Problem to work on → Copy out exactly the stretch of the listing below that begins at the line containing "LuLaRoe leggings in" and ends at the line containing "Gros plan sur", and copy nothing outside it.

Supplied material →
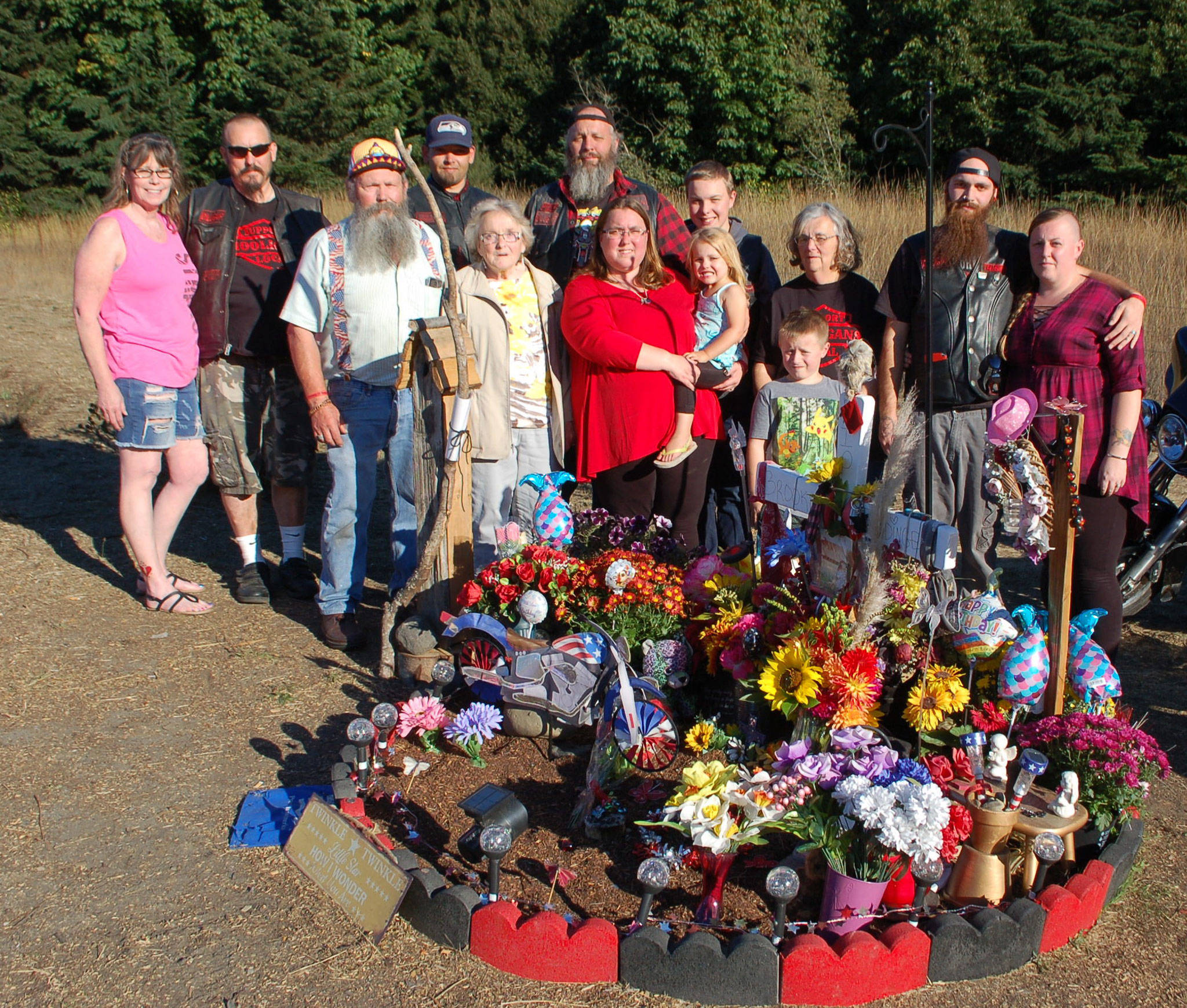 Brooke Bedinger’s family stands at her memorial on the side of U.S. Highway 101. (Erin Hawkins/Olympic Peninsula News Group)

--

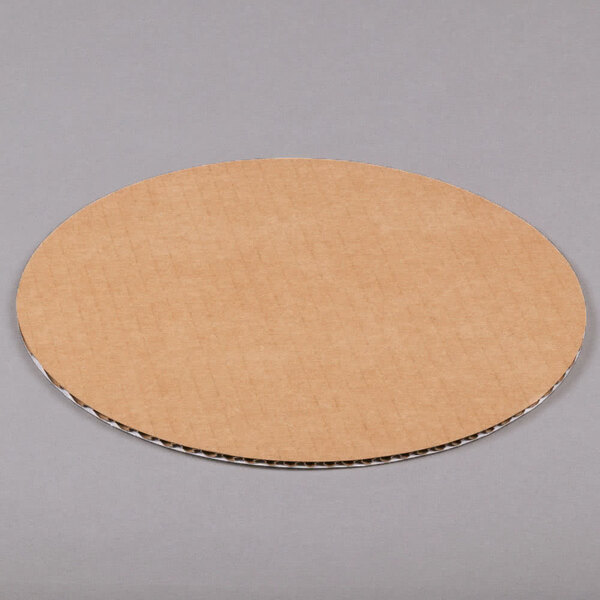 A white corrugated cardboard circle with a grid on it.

==

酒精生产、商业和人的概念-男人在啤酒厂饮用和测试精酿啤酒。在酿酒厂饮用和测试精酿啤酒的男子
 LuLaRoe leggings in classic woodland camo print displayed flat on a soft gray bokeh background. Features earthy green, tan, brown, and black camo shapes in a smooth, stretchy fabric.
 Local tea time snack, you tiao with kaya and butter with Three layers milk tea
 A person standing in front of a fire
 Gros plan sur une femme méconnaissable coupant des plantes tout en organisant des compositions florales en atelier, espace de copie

The completed task →
 LuLaRoe leggings in classic woodland camo print displayed flat on a soft gray bokeh background. Features earthy green, tan, brown, and black camo shapes in a smooth, stretchy fabric.
 Local tea time snack, you tiao with kaya and butter with Three layers milk tea
 A person standing in front of a fire
 Gros plan sur une femme méconnaissable coupant des plantes tout en organisant des compositions florales en atelier, espace de copie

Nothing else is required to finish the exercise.